In my specific case, I’m building a Go app that uses the haveibeenpwnd.com API to check whether the password the user gave me on registration has been exposed or not. I’m using https://github.com/masonj88/pwchecker/ for an easy way to check that, so I don’t have to write the API call again.

That module can return 3 different responses:

  • API call succeeded, password is not compromised
  • API call succeeded, password is compromised
  • API call did not succeed due to a network error (rate limiting, DNS went away, whatever)

What I wanted to do is test all these three eventualities, but came up to two very hard questions to answer:

  1. how do I select a password that’s not compromised?
  2. how do I even simulate a network failure?

Mocking

Until now I had very hazy ideas about what mocking actually is. Did not understand the need, did not understand where it fit into testing. Working through this specific problem clarified it, so here’s my best attempt at explaining to future me, and hopefully you’ll find it useful as well:

The starting point is that my app directly uses the pwchecker module, which means it’s coupled. The two cannot be separated, and whatever tests I would need to run would always use the actual module which would make actual network requests. Because of this, I can not test this part of my app without hitting the API.

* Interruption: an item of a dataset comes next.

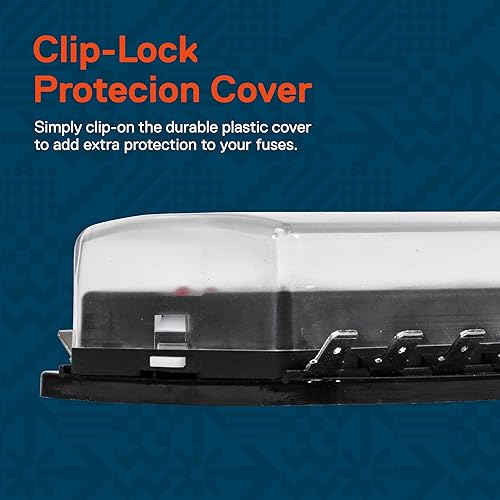 Miniatura 3 de Caja de fusibles con iluminación LED de 6 vías con cubierta, OLS PSZACCEPS051H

Testing my app should happen without hitting the actual API. Moreover, I don’t even need to test the module itself, because that’s not my responsibility. The module has its own tests. What I need to test is what my app does in response to what the module returns based on the API calls.

Which means I don’t even need the module itself, I just need a way to give the same possible responses as the module. In this case:

  • a response that says password is not compromised, network call successful
  • a response that says password is compromised, network call successful
  • a response where the network call did not succeed

Which also means I can just create a mock copy of the pwchecker module that returns one of the three responses based on some specific input I give it. Then the idea is that when we’re in testing mode, my app would be using this mock copy of the module instead of the actual module, and then I could reliably trigger all the possible responses the live module could return.

However in order to do that, I need to be able to tell my app which copy of the module to use. Which brings us back to the first point: if the code is not set up correctly, I can’t tell my app which module to use, and therefore I can’t test it.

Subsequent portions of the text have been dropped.